Once the line containing "向北而行：北京自驾沽源、多伦、太仆寺旗的草原牧歌（2）沽源篇" is found in the data below, repeat it and every later line exactly, leaving the pictures out.

Data Start Marker

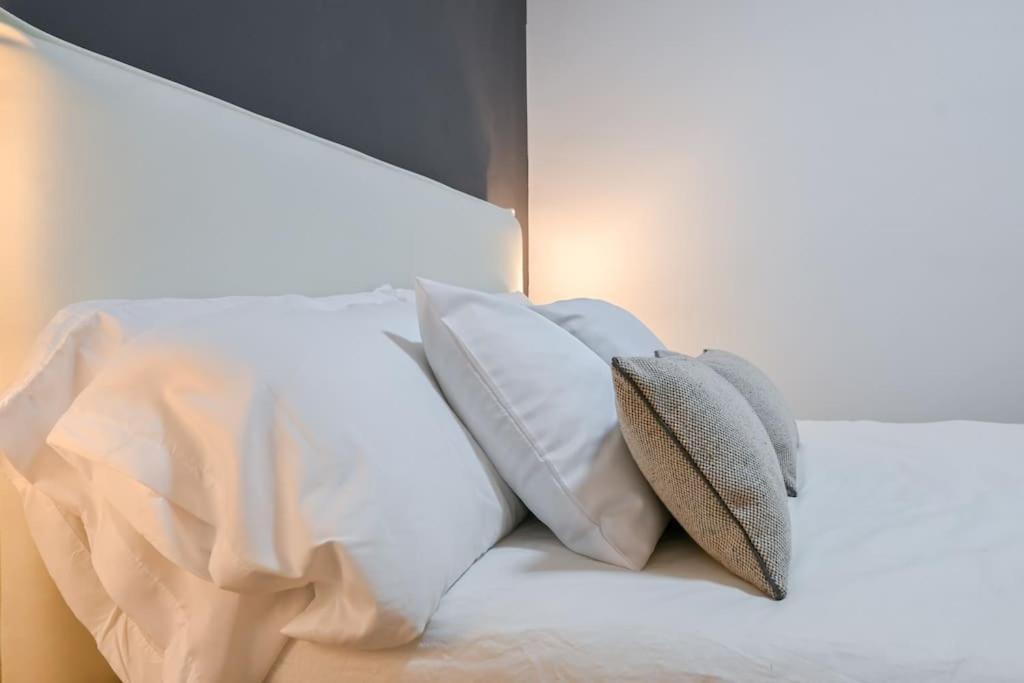 For You Rentals Apartamento Temporal Centrico De Dos Dormitorios Sil2 Madrid Kültér fotó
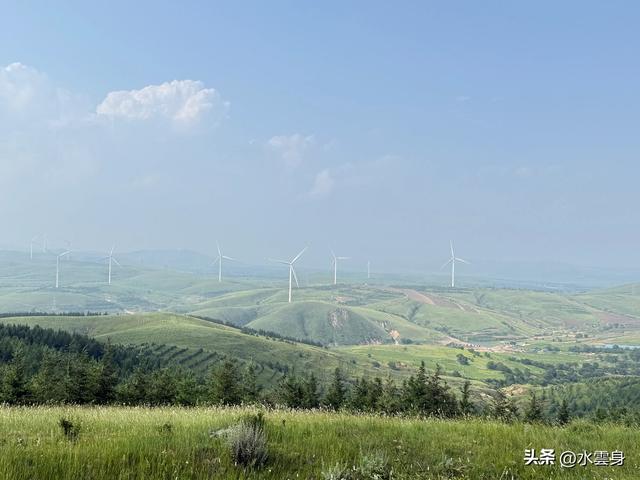 向北而行：北京自驾沽源、多伦、太仆寺旗的草原牧歌（2）沽源篇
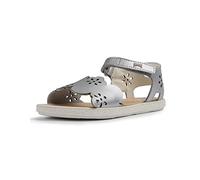 Camper Girls Miko Kids K800477 Strap, Grey, 5 UK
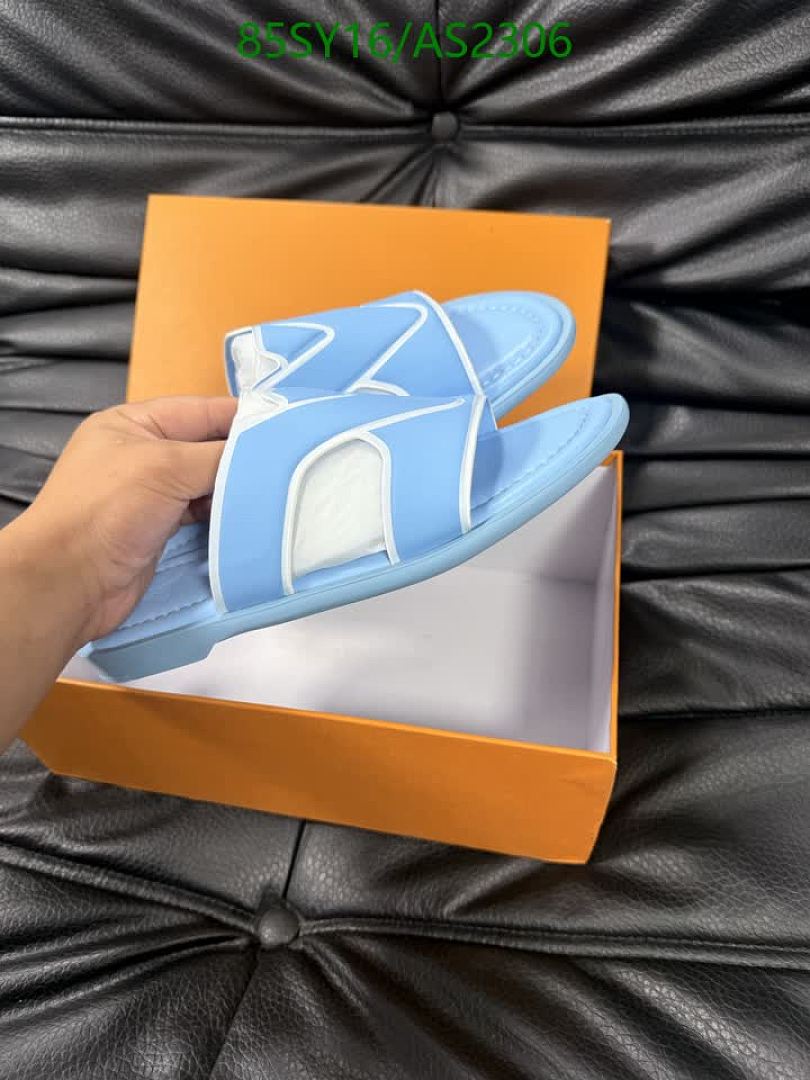 LV-Men shoes Code: AS2306 $: 85USD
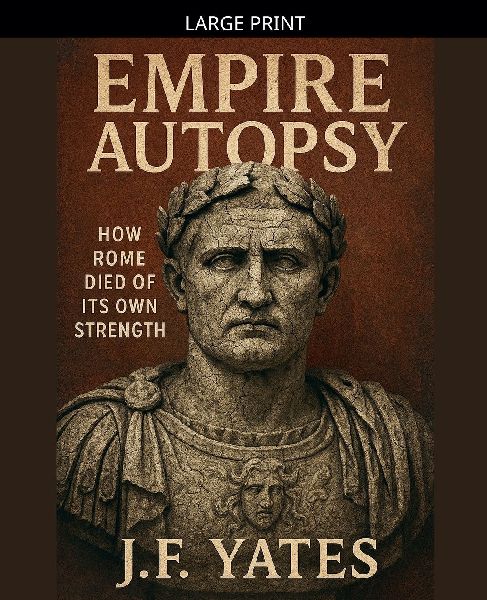 Empire Autopsy: How Rome Died of Its Own Strength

Data End Marker

Answer >>
 向北而行：北京自驾沽源、多伦、太仆寺旗的草原牧歌（2）沽源篇
 Camper Girls Miko Kids K800477 Strap, Grey, 5 UK
 LV-Men shoes Code: AS2306 $: 85USD
 Empire Autopsy: How Rome Died of Its Own Strength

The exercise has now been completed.